Urine hCG β-subunit core fragment, a sensitive test for ectopic pregnancy

Laurence A. Cole, Andrew Kardana, David B. Seifer, Henry C.L. Bohler

Research output: Contribution to journalArticlepeer-review

30 Scopus citations

Abstract

hCG is a glycoprotein hormone composed of 2 dissimilar subunits, α and β, joined non-covalently. hCG and its free β-subunit are the principal hCG β immunoreactivities in pregnancy serum samples, and the same plus β-core fragment (β-subunit residues 6-40 disulfide-linked to residues 55-92) in urine samples.
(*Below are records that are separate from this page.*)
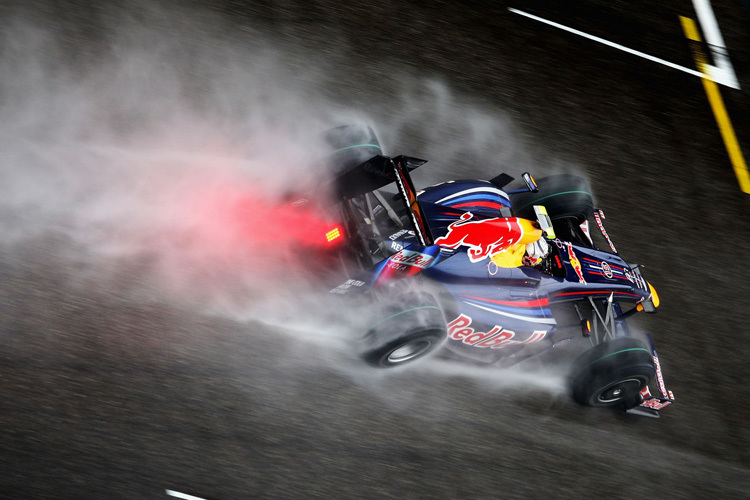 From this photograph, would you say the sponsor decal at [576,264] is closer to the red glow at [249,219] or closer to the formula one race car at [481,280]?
the formula one race car at [481,280]

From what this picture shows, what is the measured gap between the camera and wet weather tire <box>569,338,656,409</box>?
5844 millimetres

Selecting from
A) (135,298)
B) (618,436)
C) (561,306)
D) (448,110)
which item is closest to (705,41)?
(448,110)

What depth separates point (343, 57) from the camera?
26.5 ft

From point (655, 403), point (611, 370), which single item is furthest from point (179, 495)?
point (655, 403)

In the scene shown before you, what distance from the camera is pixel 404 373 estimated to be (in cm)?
607

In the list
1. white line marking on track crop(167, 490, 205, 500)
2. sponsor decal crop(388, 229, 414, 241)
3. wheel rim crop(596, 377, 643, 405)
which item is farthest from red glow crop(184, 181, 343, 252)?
wheel rim crop(596, 377, 643, 405)

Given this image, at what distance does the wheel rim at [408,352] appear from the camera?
17.8 ft

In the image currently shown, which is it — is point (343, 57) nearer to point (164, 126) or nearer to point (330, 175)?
point (164, 126)

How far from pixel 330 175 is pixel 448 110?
306cm

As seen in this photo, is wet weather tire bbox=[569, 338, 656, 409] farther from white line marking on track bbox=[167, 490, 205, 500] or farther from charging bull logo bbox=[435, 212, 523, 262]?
white line marking on track bbox=[167, 490, 205, 500]

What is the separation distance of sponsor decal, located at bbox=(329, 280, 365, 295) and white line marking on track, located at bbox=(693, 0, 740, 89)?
6.99 metres

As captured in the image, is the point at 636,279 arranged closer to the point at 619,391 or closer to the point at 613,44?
the point at 619,391

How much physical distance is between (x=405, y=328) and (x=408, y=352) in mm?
532

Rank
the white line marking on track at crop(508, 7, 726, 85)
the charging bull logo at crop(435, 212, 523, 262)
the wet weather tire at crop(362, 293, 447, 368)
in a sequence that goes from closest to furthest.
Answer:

Ectopic or tubal pregnancy is difficult to diagnose in emergency rooms. With the objective of finding better hCG-related assays for differentiating tubal and normal pregnancies, we tested 2 hCG, 1 free β-subunit and 2 β-core fragment immunoassays. Twelve urine samples were collected in the emergency room from women later shown by surgery to have tubal pregnancy. All were 38 to 80 days since last period. A further 36 urine samples were collected from the same period from those with normal intrauterine pregnancies. Using the 2 hCG assays the median level in tubal pregnancy samples was 1/38th and 1/48th of normal pregnancy concentrations. With the free β-subunit assay tubal pregnancy levels were 1/28th of normal levels. Using 2 β-core fragment assays (Ciba-Triton UGP kit and B204-FBT11 scavenger test), however, tubal levels were most different from intrauterine pregnancy, 1/149th and 1/800th of normal levels. A cut-off level of 100 μg/L was considered for the B204-FBT11 β-core fragment test, at which a predictive value of > 98% was suggested for ectopic pregnancy. In an additional patient, levels were measured 15 days prior to the diagnosis of tubal pregnancy. At this time, results from the 2 hCG tests were 1/97th and 1/126th, from the free β-subunit test was 1/8th and the 2 β-core assays were 1/413th and 1/240th of median normal intrauterine pregnancy levels. While hCG levels are reduced in tubal pregnancy, β-core fragment are reduced much further. β-core fragment measurements may offer a major improvement over hCG in diagnosing tubal pregnancy in the Emergency Room, and in screening for this life threatening disease.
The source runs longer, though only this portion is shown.